If we are what we eat, then most Americans are made of corn.
This was one of the central messages of the documentary King Corn, which KU Environs screened Monday night at Liberty Hall, 644 Massachusetts St. The documentary detailed ways corn is used and processed, the prevalence of corn in the American diet and the government subsidization of the corn industry.
“Even just watching that movie I think I learned a lot,” said Emily Katz, a sophomore from Overland Park. Katz was one of the 325 people who attended the movie screening. “Its crazy to think how much corn is in what you eat … I really think people should be more aware about this stuff and what they are putting in their body. ”
This was the kind of discussion KU Environs, a campus group that promotes awareness about environmental issues, hoped to prompt with the event.
“It introduces you to something you know so well, but in such a different way,” Kim Scherman, a junior from Eudora and KU Environs officer, said. “It is really amazing how much corn is in our lives. We are not trying to say anything bad or judge corn. We just want to promote discussion.”
Besides facilitating discussion, the event served as a fundraiser for Just Food, a local food bank that distributed food to more than 2,000 people in the Lawrence area last month. KU Environs asked for a $3 donation from movie-goers and promised to give 70 percent of the $1050 raised Monday night or $735 to Just Food.
The food pantry faced a large budget shortfall after the Stimulus payments, which provided the initial income to start the organization, expired in December.
According to Aaron Heckman chief operating officer for Eckan, the community action agency which oversees Just Food, the food bank had set a goal raising $100,000 in order to sustain services and keep the organization running.
With Just Food still needing to raise $43,000 to reach its goal, Just Food volunteer Terry Draskovich said the fundraiser was a welcome help.
“I am ecstatic,” Draskovich said. “I am so grateful. What else can I say? They called and asked if their fundraiser would help, and I said of course it would help.”
Movie goers Monday night not only had a chance to see a cheap movie and help out a food pantry, but to get a free burrito and win prizes donated by Lawrence businesses. Those attending the event received gift cards for free burritos from Chipotle. They could also enter a drawing to win prizes such as dinner for two at Free State Brewing Company, two $50 gift certificates to Tellers and four free yoga classes from Southwind Health Collective.
The other 30 percent of the money raised by the event went to Films For Action, a community group that co-sponsored and promoted the event. The group screens documentaries and operates a website to promote awareness on environmental, social and political issues.
“Well it’s an amazing film and we are always looking to partner with other groups willing to do film screenings” said Tim Hjersted project director for Films for Action.

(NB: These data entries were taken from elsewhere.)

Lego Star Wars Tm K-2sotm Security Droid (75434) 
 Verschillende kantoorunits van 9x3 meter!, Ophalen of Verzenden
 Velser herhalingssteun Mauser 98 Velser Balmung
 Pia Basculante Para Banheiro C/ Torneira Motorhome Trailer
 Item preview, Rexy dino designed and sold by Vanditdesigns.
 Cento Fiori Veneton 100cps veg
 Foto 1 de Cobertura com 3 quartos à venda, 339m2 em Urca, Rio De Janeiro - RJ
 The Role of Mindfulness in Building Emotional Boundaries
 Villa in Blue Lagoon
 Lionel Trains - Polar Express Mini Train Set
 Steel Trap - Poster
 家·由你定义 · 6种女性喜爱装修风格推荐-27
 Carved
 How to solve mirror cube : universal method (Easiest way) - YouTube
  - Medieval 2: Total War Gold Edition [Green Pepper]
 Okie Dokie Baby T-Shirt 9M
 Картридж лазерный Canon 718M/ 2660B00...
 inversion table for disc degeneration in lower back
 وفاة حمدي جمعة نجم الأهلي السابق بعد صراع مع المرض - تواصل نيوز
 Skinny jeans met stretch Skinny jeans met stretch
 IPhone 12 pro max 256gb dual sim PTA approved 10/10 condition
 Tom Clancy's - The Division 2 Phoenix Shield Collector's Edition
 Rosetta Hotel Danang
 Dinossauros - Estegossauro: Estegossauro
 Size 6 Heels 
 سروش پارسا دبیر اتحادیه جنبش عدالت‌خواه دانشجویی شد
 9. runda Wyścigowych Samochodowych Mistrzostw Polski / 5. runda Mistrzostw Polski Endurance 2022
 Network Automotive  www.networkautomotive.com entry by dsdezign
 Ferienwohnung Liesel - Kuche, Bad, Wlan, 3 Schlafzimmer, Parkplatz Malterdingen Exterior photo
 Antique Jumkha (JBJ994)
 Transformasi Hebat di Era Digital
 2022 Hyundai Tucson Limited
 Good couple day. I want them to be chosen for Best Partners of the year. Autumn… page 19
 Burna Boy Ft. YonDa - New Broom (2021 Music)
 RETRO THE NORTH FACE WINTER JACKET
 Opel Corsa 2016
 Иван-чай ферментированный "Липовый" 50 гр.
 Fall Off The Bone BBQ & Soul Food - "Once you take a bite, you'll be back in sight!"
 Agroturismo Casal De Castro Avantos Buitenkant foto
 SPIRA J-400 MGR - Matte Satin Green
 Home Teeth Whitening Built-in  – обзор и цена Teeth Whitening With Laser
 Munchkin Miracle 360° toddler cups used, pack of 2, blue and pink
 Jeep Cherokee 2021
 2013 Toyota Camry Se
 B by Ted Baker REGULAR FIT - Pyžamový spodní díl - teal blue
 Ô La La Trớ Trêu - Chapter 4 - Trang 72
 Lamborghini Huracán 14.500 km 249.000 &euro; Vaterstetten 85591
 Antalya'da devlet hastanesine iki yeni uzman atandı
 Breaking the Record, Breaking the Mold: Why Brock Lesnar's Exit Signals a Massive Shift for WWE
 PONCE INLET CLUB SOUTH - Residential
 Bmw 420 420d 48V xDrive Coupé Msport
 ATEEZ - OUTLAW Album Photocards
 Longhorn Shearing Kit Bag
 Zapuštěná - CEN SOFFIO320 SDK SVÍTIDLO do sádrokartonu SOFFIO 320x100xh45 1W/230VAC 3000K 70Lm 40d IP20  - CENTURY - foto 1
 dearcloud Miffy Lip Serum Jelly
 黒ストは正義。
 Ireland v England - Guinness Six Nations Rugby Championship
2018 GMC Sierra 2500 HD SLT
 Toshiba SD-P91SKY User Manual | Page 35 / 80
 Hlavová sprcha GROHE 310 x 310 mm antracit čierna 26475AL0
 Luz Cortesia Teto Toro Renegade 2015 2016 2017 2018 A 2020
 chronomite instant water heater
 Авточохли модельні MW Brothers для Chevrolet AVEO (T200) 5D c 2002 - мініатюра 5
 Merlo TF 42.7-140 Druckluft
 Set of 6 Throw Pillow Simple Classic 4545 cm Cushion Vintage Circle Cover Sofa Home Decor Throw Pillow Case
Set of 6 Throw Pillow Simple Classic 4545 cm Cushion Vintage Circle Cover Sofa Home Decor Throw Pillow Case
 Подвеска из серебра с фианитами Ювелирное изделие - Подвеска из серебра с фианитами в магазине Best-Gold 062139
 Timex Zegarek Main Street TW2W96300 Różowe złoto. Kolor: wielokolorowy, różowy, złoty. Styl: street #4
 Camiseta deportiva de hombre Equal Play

Hjersted said that the Films for Action website Lawrence.filmsforaction.org features around 700 documentaries, which visitors can view for free.
After the documentary finished, Curt Ellis, one of the documentary creators, addressed the crowd via Skype. The crowd had a chance to ask Ellis questions about the film.
“Becoming a policy advocate, that’s what we wanted people to think about after seeing our film, ‘what are the polices that drive people to grow more corn?’,” said Ellis when answering the question of what he wanted people to learn from the film. “Government subsidies are the kind of things we reward through our tax dollars and they have a big influence on what we eat in America and what we farm.”